Since a variable length encoding would be used, the resulting format was carefully designed to make the exact length of the entire value apparent from examining only the first byte, allowing all of the branch prediction penalties and possibilities for pipeline stalls to be lumped together at the front edge of the decoding process. Additionally, most CPUs have the ability to read even unaligned power-of-two-length integers from memory into a register and sign extend (either as part of the read, or with an inexpensive register-based op), so the design of the format allows for this possible optimization.

The XVM Integer Packing (XIP, pronounced "zip") format employs four encoding modes:

  • Tiny: For a value in the range -64..63 (7 bits), the value can be encoded in one byte. The least significant 7 bits of the value are shifted left by 1 bit, and the 0x1 bit is set to 1. When reading a packed integer, if bit 0x1 of the first byte is 1, then it's Tiny.
  • Small: For a value in the range -4096..4095 (13 bits), the value can be encoded in two bytes. The first byte contains the value 0x2 (010) in the least significant 3 bits, and bits 8-12 of the integer in bits 3-7; the second byte contains bits 0-7 of the integer.
  • Medium: For a value in the range -1048576..1048575 (21 bits), the value can be encoded in three bytes. The first byte contains the value 0x6 (110) in the least significant 3 bits, and bits 16-20 of the integer in bits 3-7; the second byte contains bits 8-15 of the integer; the third byte contains bits 0-7 of the integer.
  • Large: For a value in the range -(2^511)..2^511-1 (up to 512 bits), a value with s significant bits can be encoded in no less than 1+max(1,(s+7)/8) bytes; let b be the selected encoding length, in bytes. The first byte contains the value 0x0 in the least significant 2 bits (00), and the least 6 significant bits of (b-2) in bits 2-7. The following (b-1) bytes contain the least significant (b-1)*8 bits of the integer. 

The Ecstasy implementation for writing XIP'd integers is found in the DataOutput class, and the implementation for reading XIP'd integers is found in the DataInput class.

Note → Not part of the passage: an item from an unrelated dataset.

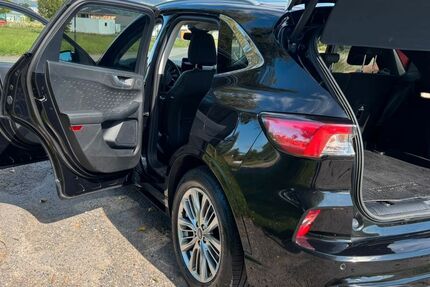 Ford Kuga 91.000 km 20.200 € Wanfried 37281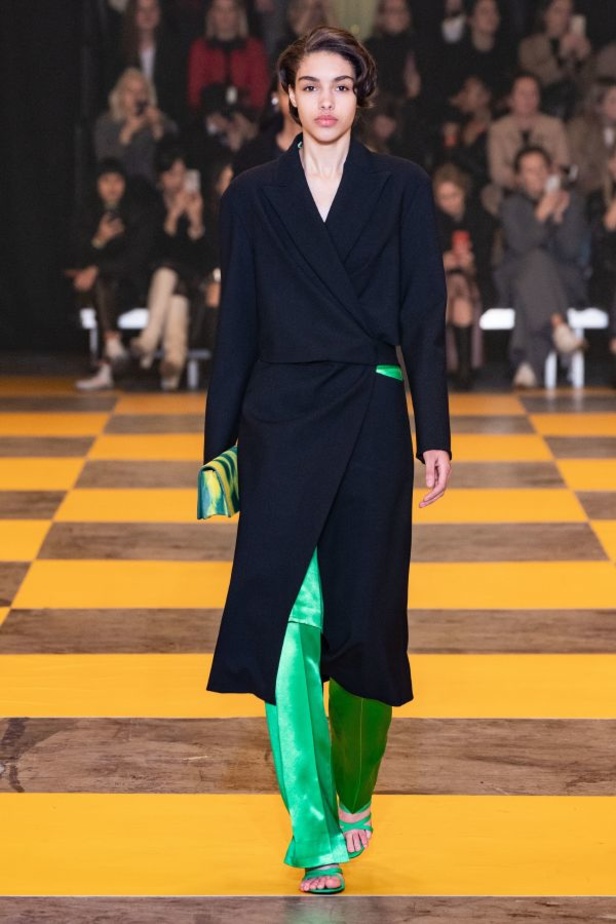 مجموعة off-White للألبسة الجاهزة لخريف 2019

The Java implementations for reading and writing XIP'd integers can be found in the PackedInteger class.

In summary: Having a consistent and efficient mechanism to encode arbitrary 64-bit integers in a byte stream is a fundamental boost for an IR designer, because they no longer worry about the ugly trade-off between "will this support big enough structures in the real world?" and "will this waste space?"